Уильям покраснел и неловко дернулся, словно хотел двинуть квартирмейстера под ребра. Элейна ойкнула и испуганно схватила Уильяма за руку. Тупая игла медленно отпускала сердце Уильяма, и, хотя он все еще плохо чувствовал левую часть своего тела, но вдруг переглянулся с Элейной, и молодые люди захохотали, давясь, прыская и тщетно пытаясь соблюсти хоть какую-то тишину.
В ту же секунду раздался какой-то шум, и тут же поляну огласил истошный вопль, который сменился отчаянной трелью флейты и барабанным боем.
— Сбежа-ал! И-и-и, сбежа-ал! Тревога! — истерично орал кто-то. Заспанные солдаты вскакивали и хватались за оружие. Из палаток высыпали голландцы и французы, часовые стреляли в воздух и размахивали горящими ветками.
— Я еще приду, — прошептала Элейна, и в ту же секунду железная рука шевалье схватила ее за плечо.
* * *
— О дочь моя, о, моя карта! — горестно вопил Абрабанель, бегая по гудящему, как растревоженный улей, лагерю. Воздух потихоньку начал сереть: приближался рассвет. — И это мое семя, это ветвь от корней моих!
— Дорогой Давид, что вы так бегаете? Молоденькие девушки, попадая под дурное влияние, часто поступают безрассудно, — заметил Ван Дер Фельд, тщетно пытаясь поймать своего будущего тестя и удержать его на одном месте.

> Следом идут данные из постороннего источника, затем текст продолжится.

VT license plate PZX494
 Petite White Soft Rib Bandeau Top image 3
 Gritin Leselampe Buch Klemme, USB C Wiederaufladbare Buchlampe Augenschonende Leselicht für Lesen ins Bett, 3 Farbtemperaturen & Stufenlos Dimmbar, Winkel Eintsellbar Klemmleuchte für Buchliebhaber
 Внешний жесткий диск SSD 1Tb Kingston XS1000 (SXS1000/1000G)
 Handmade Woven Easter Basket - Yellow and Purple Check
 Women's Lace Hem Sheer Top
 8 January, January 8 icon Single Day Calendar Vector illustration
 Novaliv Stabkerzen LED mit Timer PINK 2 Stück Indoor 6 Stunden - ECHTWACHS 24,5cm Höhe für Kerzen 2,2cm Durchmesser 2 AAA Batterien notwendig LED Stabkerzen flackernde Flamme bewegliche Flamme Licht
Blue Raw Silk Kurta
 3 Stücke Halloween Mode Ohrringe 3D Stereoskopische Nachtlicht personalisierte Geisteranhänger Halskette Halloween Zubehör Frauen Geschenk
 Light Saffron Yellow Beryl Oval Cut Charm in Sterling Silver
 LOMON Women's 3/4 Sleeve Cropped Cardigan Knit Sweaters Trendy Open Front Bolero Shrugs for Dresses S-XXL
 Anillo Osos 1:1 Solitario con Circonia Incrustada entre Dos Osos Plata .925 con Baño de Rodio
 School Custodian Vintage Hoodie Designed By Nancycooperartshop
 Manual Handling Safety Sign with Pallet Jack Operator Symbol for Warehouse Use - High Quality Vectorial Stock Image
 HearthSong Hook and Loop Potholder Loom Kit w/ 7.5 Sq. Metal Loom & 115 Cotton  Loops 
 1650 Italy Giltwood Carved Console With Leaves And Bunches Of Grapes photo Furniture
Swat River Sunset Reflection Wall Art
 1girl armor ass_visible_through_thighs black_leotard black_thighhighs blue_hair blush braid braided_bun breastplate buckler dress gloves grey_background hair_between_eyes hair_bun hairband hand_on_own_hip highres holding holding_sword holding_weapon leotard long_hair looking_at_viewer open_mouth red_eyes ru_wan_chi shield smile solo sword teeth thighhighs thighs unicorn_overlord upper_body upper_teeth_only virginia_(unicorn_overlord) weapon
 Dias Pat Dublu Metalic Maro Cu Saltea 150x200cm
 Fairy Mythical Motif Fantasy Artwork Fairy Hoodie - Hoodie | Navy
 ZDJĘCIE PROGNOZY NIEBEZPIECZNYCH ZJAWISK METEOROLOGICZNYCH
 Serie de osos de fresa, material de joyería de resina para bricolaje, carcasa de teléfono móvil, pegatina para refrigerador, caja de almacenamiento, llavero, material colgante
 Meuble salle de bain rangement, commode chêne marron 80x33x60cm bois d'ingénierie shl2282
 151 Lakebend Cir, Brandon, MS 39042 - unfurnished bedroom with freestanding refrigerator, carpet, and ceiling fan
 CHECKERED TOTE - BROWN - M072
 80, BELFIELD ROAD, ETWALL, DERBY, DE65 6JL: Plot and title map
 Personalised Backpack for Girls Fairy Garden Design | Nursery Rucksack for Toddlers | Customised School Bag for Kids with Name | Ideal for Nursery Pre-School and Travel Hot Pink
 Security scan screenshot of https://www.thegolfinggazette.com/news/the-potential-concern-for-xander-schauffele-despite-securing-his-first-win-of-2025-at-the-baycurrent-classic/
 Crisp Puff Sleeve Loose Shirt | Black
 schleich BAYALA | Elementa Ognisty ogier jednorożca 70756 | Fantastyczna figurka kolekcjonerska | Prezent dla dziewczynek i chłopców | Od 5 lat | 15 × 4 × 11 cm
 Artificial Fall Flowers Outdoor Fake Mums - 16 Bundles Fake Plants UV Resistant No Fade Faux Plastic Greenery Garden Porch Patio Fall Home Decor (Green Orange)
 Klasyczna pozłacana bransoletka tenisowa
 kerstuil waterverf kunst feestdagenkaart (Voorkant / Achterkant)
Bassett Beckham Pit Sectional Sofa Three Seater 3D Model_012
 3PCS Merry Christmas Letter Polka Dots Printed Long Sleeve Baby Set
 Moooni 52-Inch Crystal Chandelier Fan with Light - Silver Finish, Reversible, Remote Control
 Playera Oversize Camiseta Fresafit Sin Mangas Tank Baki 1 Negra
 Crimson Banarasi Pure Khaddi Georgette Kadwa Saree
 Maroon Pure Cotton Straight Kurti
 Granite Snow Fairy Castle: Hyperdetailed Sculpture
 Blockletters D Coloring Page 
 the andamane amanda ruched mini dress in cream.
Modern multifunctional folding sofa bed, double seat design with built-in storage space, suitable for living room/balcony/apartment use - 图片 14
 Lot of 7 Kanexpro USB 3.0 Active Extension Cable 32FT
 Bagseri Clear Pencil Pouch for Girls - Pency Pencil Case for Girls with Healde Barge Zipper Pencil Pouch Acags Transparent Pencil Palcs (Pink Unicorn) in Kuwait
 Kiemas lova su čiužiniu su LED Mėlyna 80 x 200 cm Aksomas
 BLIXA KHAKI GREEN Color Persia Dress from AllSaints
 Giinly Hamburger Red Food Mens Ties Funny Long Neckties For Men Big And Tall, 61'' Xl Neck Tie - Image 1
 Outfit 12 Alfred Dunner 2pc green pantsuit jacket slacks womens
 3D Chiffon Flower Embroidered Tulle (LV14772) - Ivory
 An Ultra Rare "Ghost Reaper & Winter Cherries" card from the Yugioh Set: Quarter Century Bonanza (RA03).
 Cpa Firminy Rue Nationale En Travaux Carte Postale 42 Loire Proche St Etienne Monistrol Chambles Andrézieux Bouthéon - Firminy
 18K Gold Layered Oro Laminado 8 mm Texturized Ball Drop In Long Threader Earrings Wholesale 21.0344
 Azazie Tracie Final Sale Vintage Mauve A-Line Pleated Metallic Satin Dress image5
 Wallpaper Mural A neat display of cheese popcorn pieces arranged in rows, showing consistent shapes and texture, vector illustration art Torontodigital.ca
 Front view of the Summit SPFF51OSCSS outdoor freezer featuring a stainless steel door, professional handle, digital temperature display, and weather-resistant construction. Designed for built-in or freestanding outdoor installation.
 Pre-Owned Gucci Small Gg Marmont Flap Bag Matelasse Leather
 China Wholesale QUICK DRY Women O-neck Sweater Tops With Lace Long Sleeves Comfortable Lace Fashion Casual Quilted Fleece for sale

— Но как она могла! Помочь! Этому! Мерзавцу Кроуфорду бежать! — запыхавшись, орал Абрабанель и бил ногой в волосатый ствол кокосовой пальмы. Наверху кокосы угрожающе тряслись и покачивались, а с дерева сыпалась какая-то труха. — Ночью пойти к этим страшным людям и разговаривать с ним, как будто он ее родственник! — Абрабанель, громко застенав, вырвался из рук голландца и снова закружил вокруг их палатки, как птица над разоренным гнездом, не забывая при этом то и дело внимательно вглядываться в лица французов, толпившихся неподалеку вокруг Ришери.
— Где она? Где эта гадюка? Это она во всем виновата, эта ведьма! — вдруг завизжал он, осторожно терзая свою манишку и ловко перепрыгивая через разбросанное по земле снаряжение.
— Я здесь, месье. Чем обязана?
Абрабанель не смог вовремя затормозить и с размаху влетел головой мадам Аделаиде прямо в грудь. Мадам пошатнулась, но выдержала удар.
С пальмы с громким стуком один за другим посыпались кокосы, и один из них, расколовшись, обдал сапоги Ван Дер Фельда липким соком.
Вежливо отстранившись, Аделаида поправила смятый корсаж и, ослепительно улыбнувшись, двумя пальчиками стряхнула соринку с кафтана коадьютора.
— Как я понимаю, мы разыгрываем второй акт замечательной, хотя и несколько подзабытой комедии «Венецианский купец»? Браво! Беру места в партере!
— Вы со своим Шекспиром надоели мне еще больше, чем этот треклятый Кроу… — оборвав сам себя, Абрабанель издал шипение, похожее на звук, с которым из плотно закрытой кастрюли вырывается пар: — Тс-с-с… хр-р… к-к… — просипел он и ударил кулаком себя по голове. Все сошлось, все стало на свои места. Шекспир выдал их.
— Я не могу согласиться с некоторыми пунктами ваших обвинений, — продолжала женщина, не обращая внимания на банкира и его состояние. — В конце концов, у вашей дочери был хоть какой-то смысл помогать пленникам. Но у меня-то не было никакого!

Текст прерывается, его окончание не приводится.